_WORK ORDER_
Since the records include pictures, leave those out while you reproduce exactly and only the lines from the one containing "2022 Ford F-150 Lariat photo 21" through the one containing "1 Begonia Court, Dwellingup WA 6213", inclusive.

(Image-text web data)
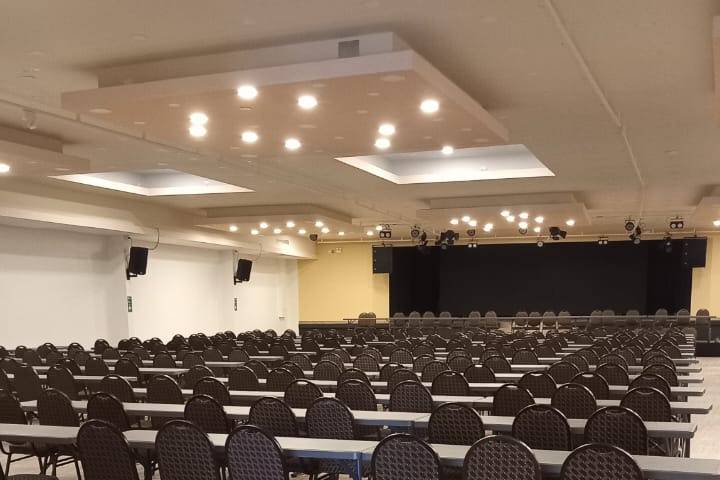 CENTRO DE EVENTOS Y RESORT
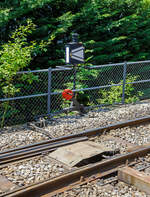 Handweichenhebel mit Laterne beim der Bahnhof Chamby am 27.05.2023, der Weiche Abzweig Strecke Blonay–Chamby (KBS 115) zum Abstellgleis.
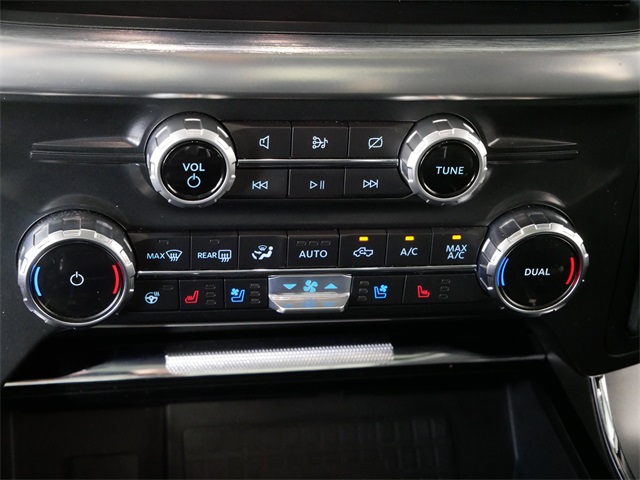 2022 Ford F-150 Lariat photo 21
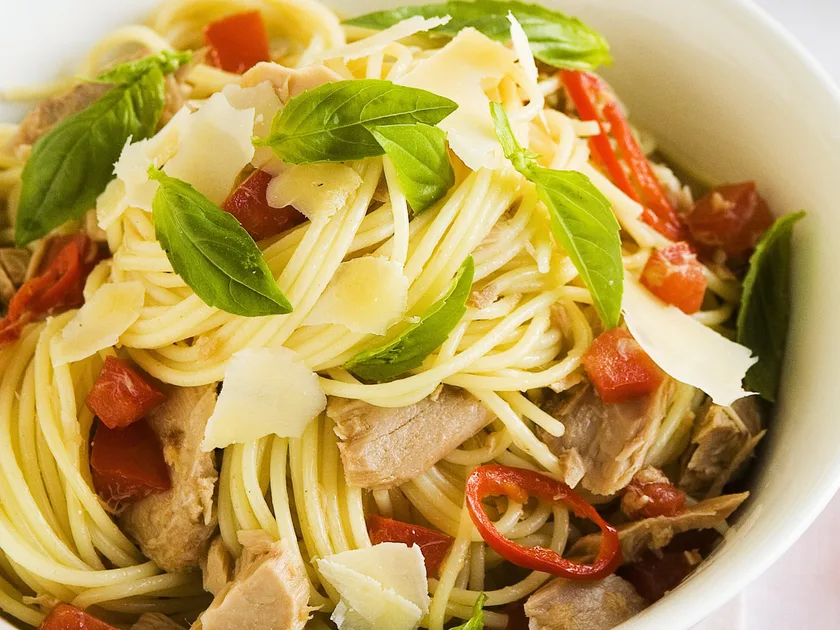 Chilli tuna spaghetti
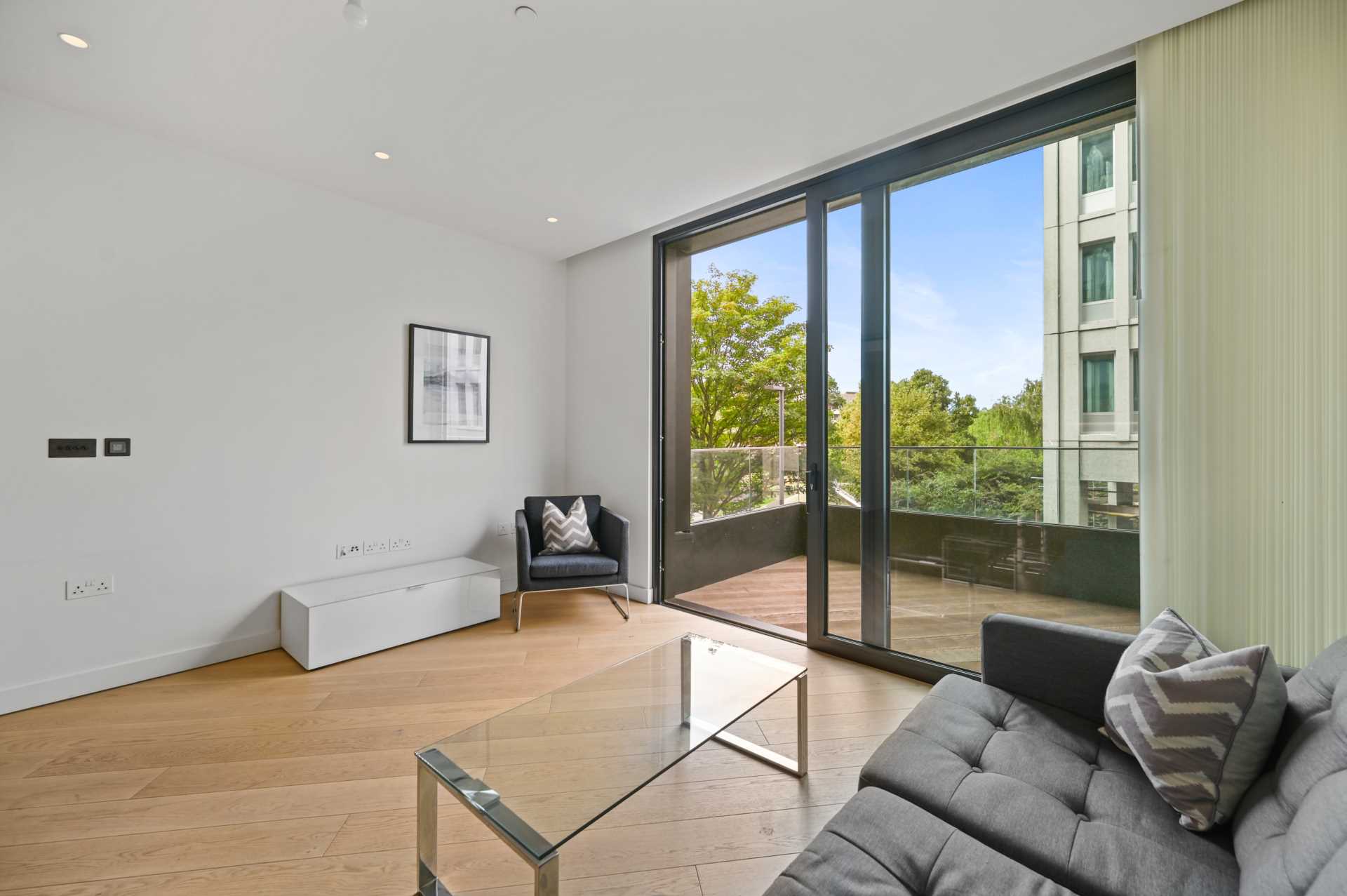 Wood Crescent, White City, London W12 7GN, Image 5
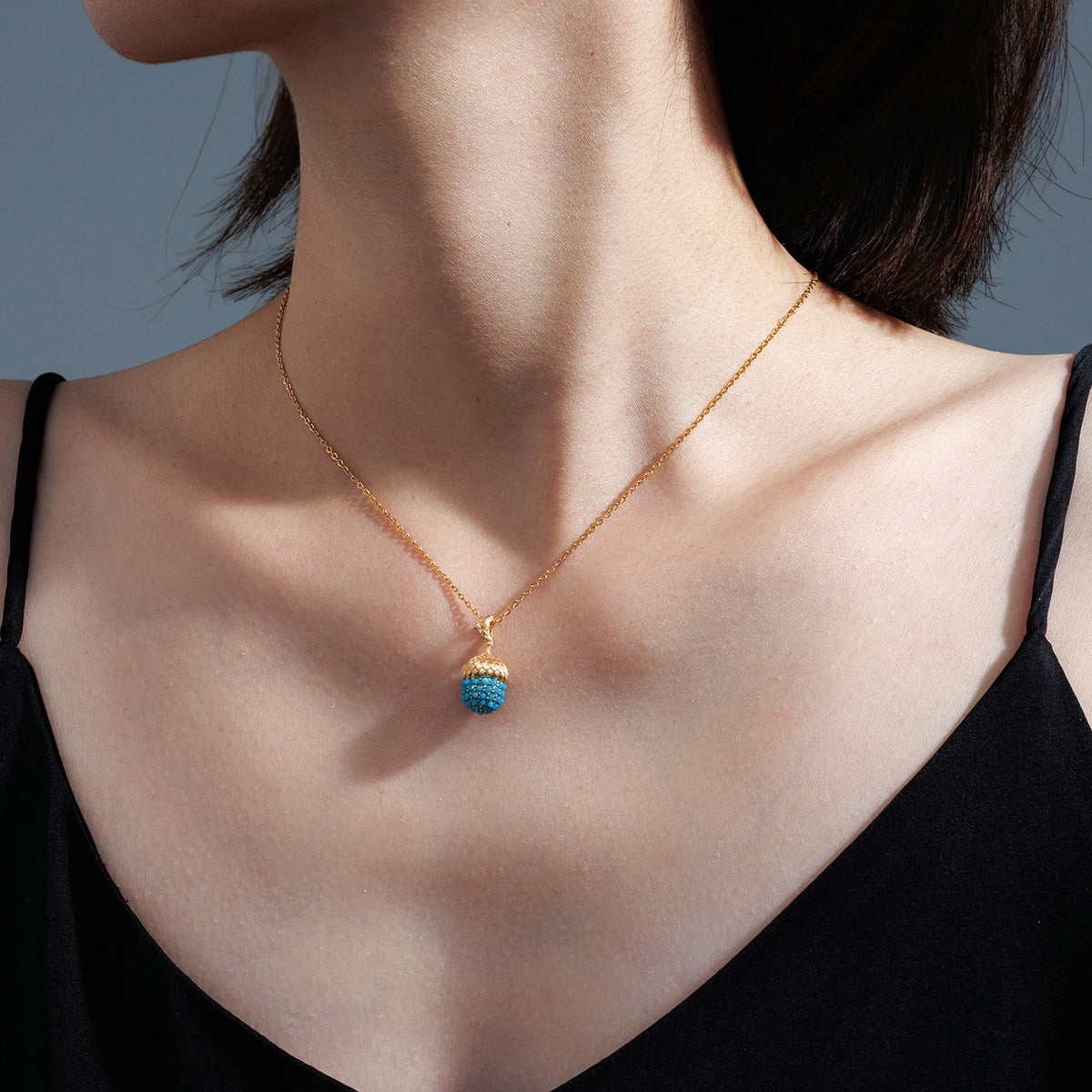 Acorn Charm Pendant in 18K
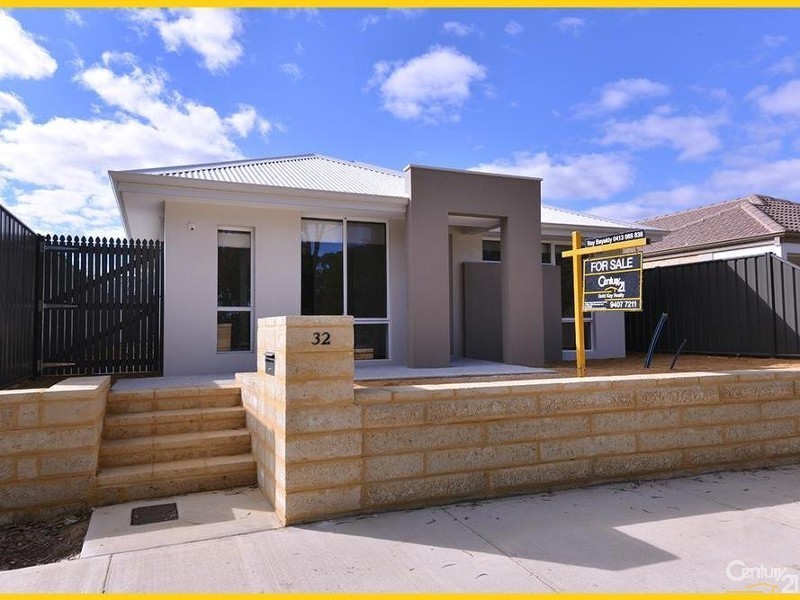 32 Parkland Drive, Yanchep WA 6035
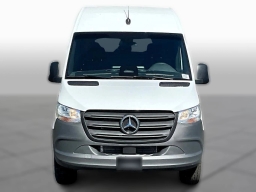 Mercedes-Benz Sprinter Crew Van High Roof 4-Cyl Diesel HO 2500 High Roof I4 Diesel HO 170" RWD 2026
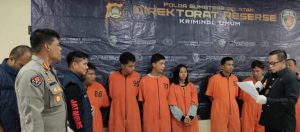 Tujuh pelaku perampokan nasabah bank di Muaraenim dibekuktim Polda Sumsel, Selasa (30/1/2024). Foto: Sumselheadline/Ela.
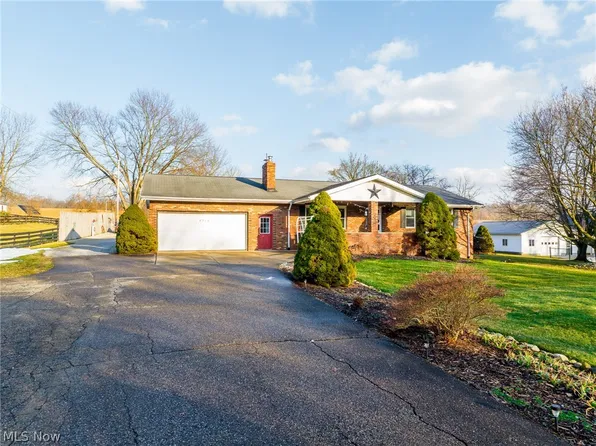 9718 James Rd, Fredericksburg, OH 44627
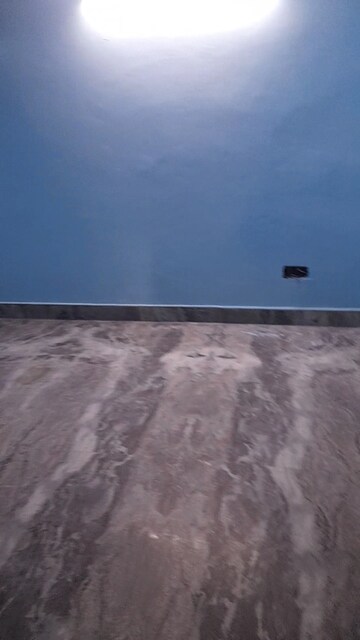 Room in 2.5 BHK Builder Floor at Mayur Vihar Phase 1 – for Rent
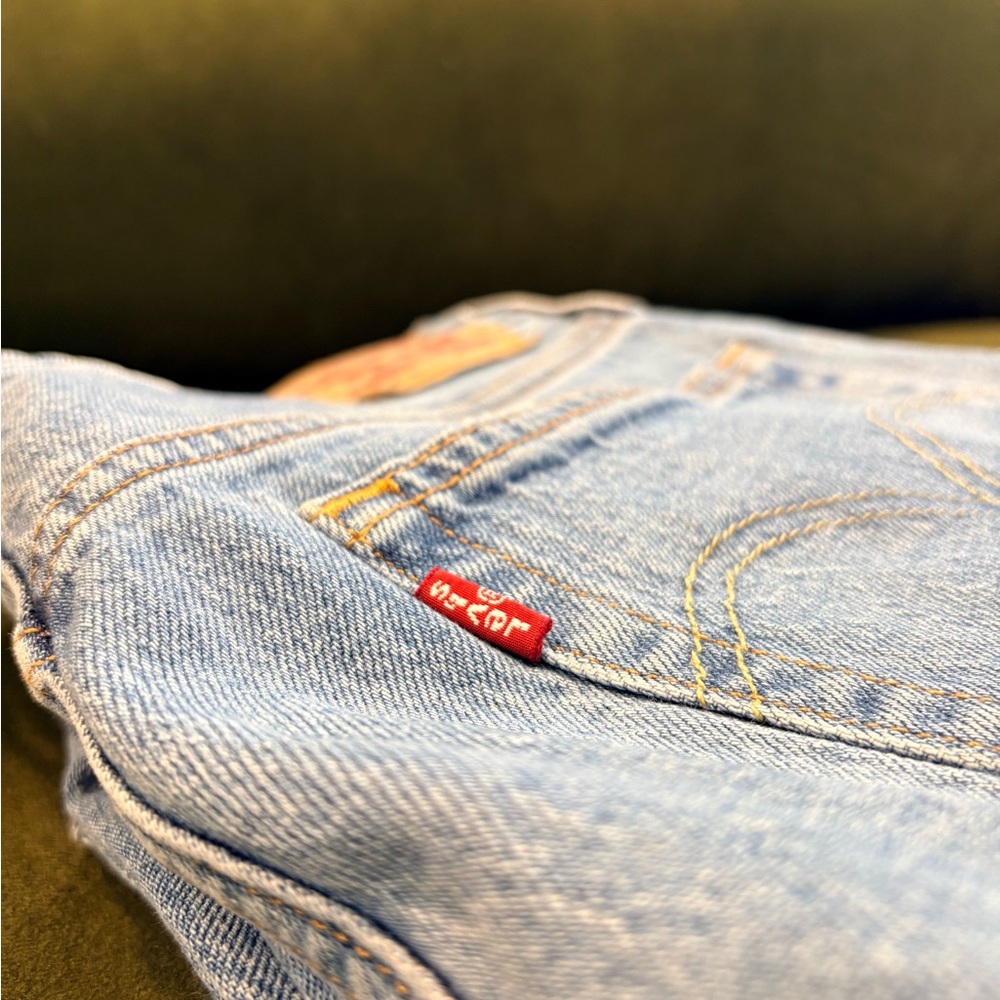 Levi’s 501 Skinny Jeans Distressed Knee Light Wash W31 L32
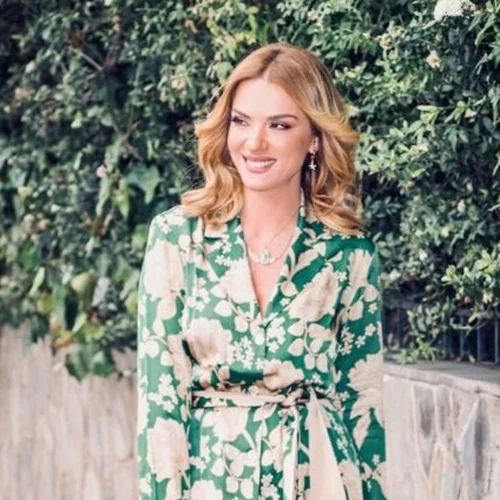 Βάσω Λασκαράκη | Φωτογραφίζει την Εύα της με τις φίλες της και περνάει ένα δυνατό μήνυμα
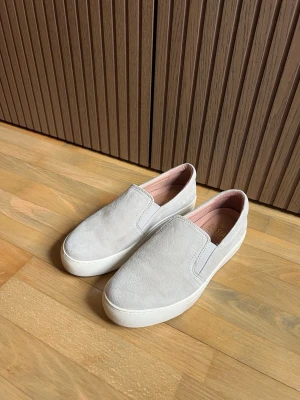 Ljusa sneakers i mocka Dasia - Skor från Dasia i beige mocka, skorna är bara provade och använda vid ett fåtal tillfälle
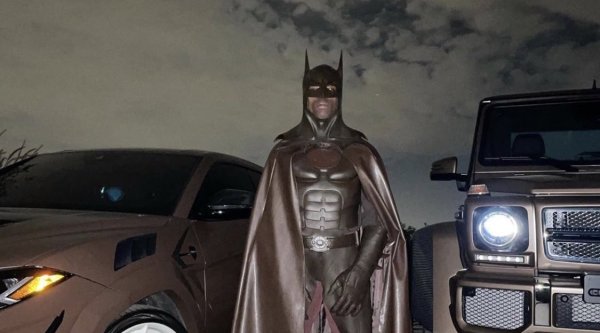 Трэвис Скотт Бэтмен костюм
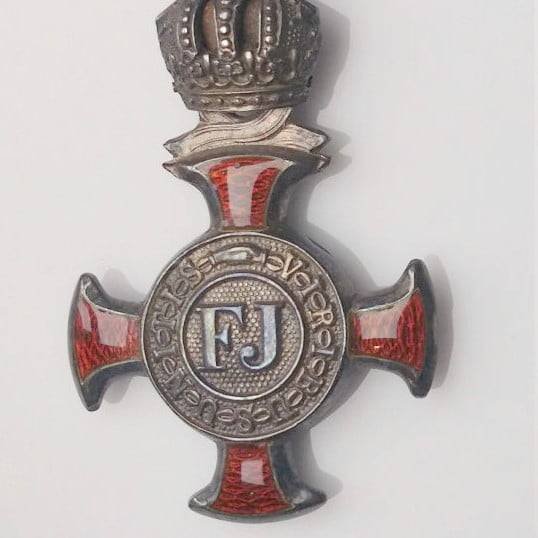 Otkup austrijskog odlikovanja Verdienstkreuz - 095 858 6377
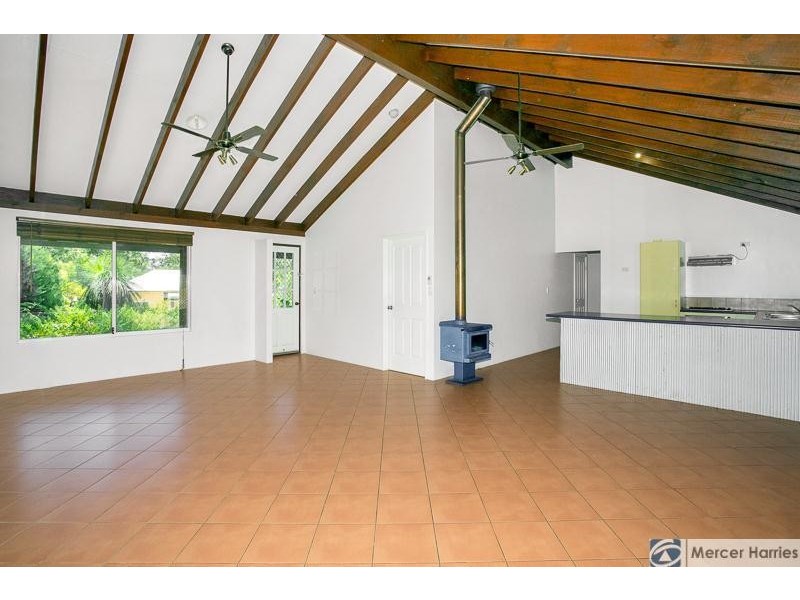 1 Begonia Court, Dwellingup WA 6213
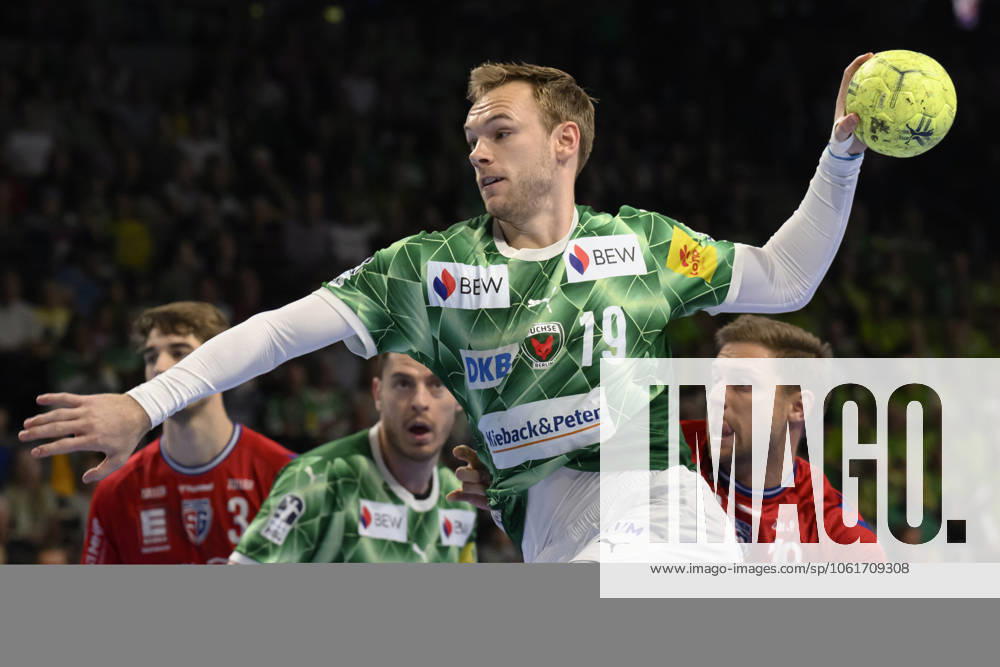 In the picture from l Mathias Gidsel Fuechse Berlin, 19 , duel, action, fight, fights for the ball, GER, Berlin, handball, Fuechse Berlin vs SG BBM Bietigheim, DAIKIN Handball Bundesliga, in the Max Schmeling Halle, 04 05 2025,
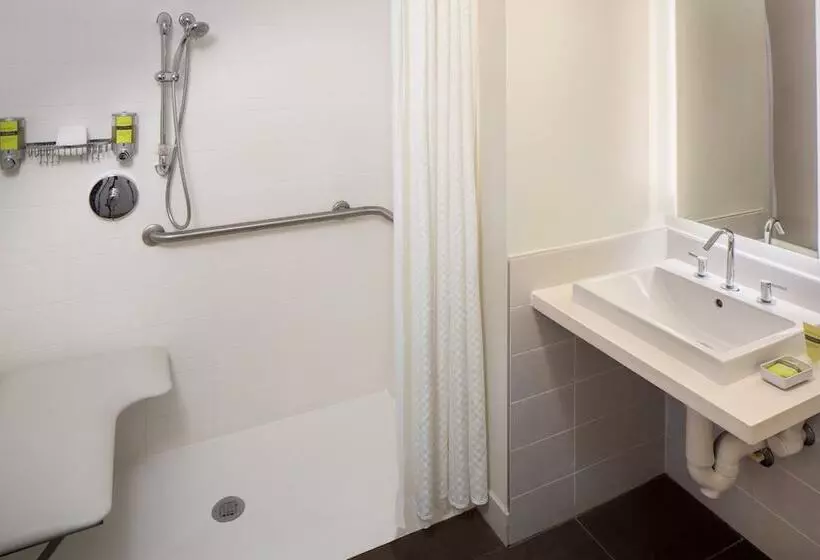 酒店 Element Miami International Airport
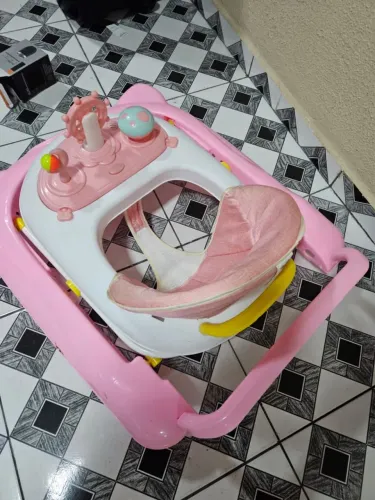 Andaja para menina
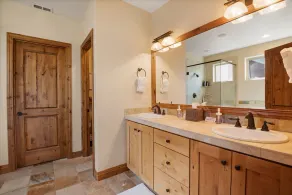 Midway 4 Bedroom Golf Course Luxury Turnberry 23 Home - Image 3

_EXERCISE RESPONSE_
 2022 Ford F-150 Lariat photo 21
 Chilli tuna spaghetti
 Wood Crescent, White City, London W12 7GN, Image 5
 Acorn Charm Pendant in 18K
 32 Parkland Drive, Yanchep WA 6035
 Mercedes-Benz Sprinter Crew Van High Roof 4-Cyl Diesel HO 2500 High Roof I4 Diesel HO 170" RWD 2026
 Tujuh pelaku perampokan nasabah bank di Muaraenim dibekuktim Polda Sumsel, Selasa (30/1/2024). Foto: Sumselheadline/Ela.
 9718 James Rd, Fredericksburg, OH 44627
 Room in 2.5 BHK Builder Floor at Mayur Vihar Phase 1 – for Rent
 Levi’s 501 Skinny Jeans Distressed Knee Light Wash W31 L32
 Βάσω Λασκαράκη | Φωτογραφίζει την Εύα της με τις φίλες της και περνάει ένα δυνατό μήνυμα
 Ljusa sneakers i mocka Dasia - Skor från Dasia i beige mocka, skorna är bara provade och använda vid ett fåtal tillfälle
 Трэвис Скотт Бэтмен костюм
 Otkup austrijskog odlikovanja Verdienstkreuz - 095 858 6377
 1 Begonia Court, Dwellingup WA 6213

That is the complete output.